It's a surprise to see my dead startup TutorialTab as #6 in weekly growth! Seems like your algorithm is sensitive to fluctuations in sites with really low Alexa rank (TT is at 13,890,005 right now). FYI!
HA! Okay, I'm looking into that right now, will get back to you.
Update: It went from 21,369,458 to 13,900,665 in the past week - so I probably need some sort of lower bound for these. In some cases that can indicate an up-and-comer, and I am even using a log scale for the delta so this a pretty serious outlier. Thanks for letting me know it is dead though, i will remove from the DB.
You could try only taking account companies that are ranked under 100k (like Alexa does on their own website).
Many of the companies on that list have ranks somewhere in millions, which can fluctuate quite easily, and many of the companies have been around for months or years.
Edit: Accelgolf seems to be dead too. Blog & website broken and no updates for two years on twitter, linkedin indicates the founders have moved on.
I would think that website traffic growth is the least important of these metrics, definitely not the one to lead the post...some of these are web services, others look like native apps...it's not an apples to apples metric at all.
Twitter/Facebook activity would be a more useful measure...not just followers, but how active the accounts are and how often they're handling customer inquiries. And yes, this can be gamed by buying followers...so what? Include the deltas and let readers decide the legitimacy of a gain of 50,000 twitter followers in a week for a no name startup
Several in Twitter Following % Growth have <200 followers and a few with only 10s of followers. At these numbers 100%+ growth may not necessarily be an indicator of "hottest".

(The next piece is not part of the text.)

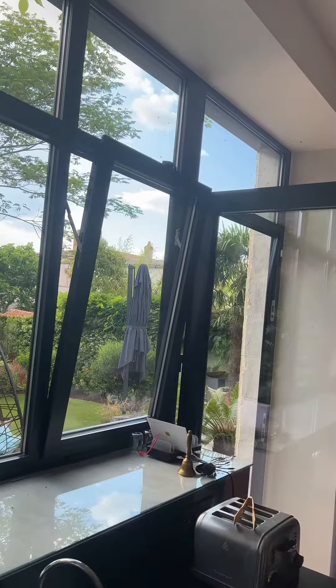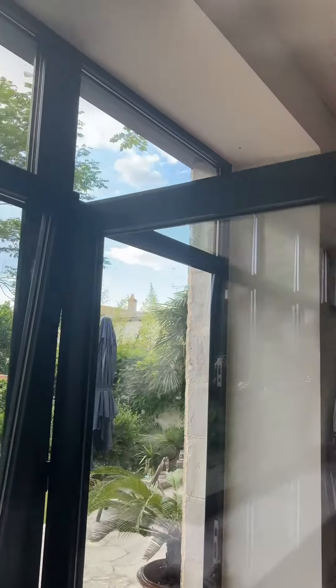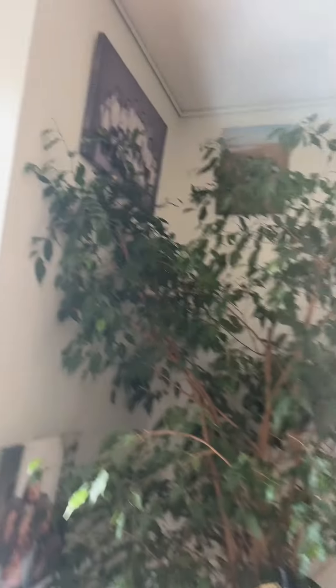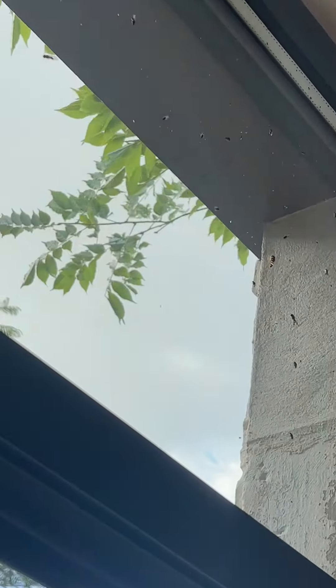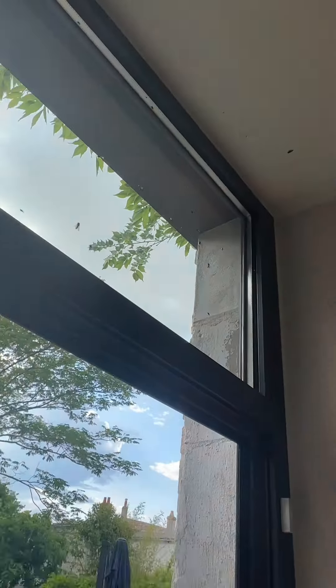Once in a while the heat brings some flies — pesky little things — but rest assured, see up there on the window, as the day cools down they find their way outside. So no worries. We're talking a couple of times per year, so no big deal.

That's true. I messed with other ways of weighting it, or just putting the absolute number of new followers (e.g. Dropbox gained 70,000) but already has 2.3M. Thoughts?
What would be interesting is establishing benchmarks from the historical data you have collected around Likes/Follows/etc. Then using the benchmark, compare the weekly or monthly change for each startup relative to its previous Like/Follow count
This is interesting, but the problem is this is all a certain type of startup. Whisper, for instance, is "hot" both in funding and user growth, but it's a demographic that wouldn't trigger these indicators - kids at 19 don't have linked in, and they aren't linking their FB or Twitter accounts due to the type of app it is.
Cool! As someone who was pretty critical of the FRC post from yesterday I want to make sure I spoke out to praise this. This kind of data, rather than an index, is much more interesting to me.
A few other jumbled thoughts:
* How are you tracking these? I assume it must be pretty messy collecting this data and keeping it up to date.
* Could you do something with Google Trends as well?
* Clearly some of these (whereberry/swish/etc) are highly correlated across channels, implying some sort of news event. Would be really interesting to see the ones that only gain in one without the others, and what could cause that. This kind of turns into Google Finance for startups.
* Agreed the LinkedIn data is intriguing, if only because it has a bias towards much more established companies -- maybe because it's focused on job-seekers?
* Lastly, one philosophical point: If you go by the mantra of "what gets measured gets managed," does this end up reinforcing the silicon valley hype cycle and encourage startup CEOs to get "hot"?
Thanks, I'm collecting it in a massive database and I love hearing all the ideas of what could be done with the data.
As to what gets measured gets managed - legitimately increasing traffic, audience, brand awareness etc. is all about the top of the funnel. Considering how many startups I meet with who are hemming and hawing about doing marketing, only to later end up dead, I think this could be a very good thing. We'll see.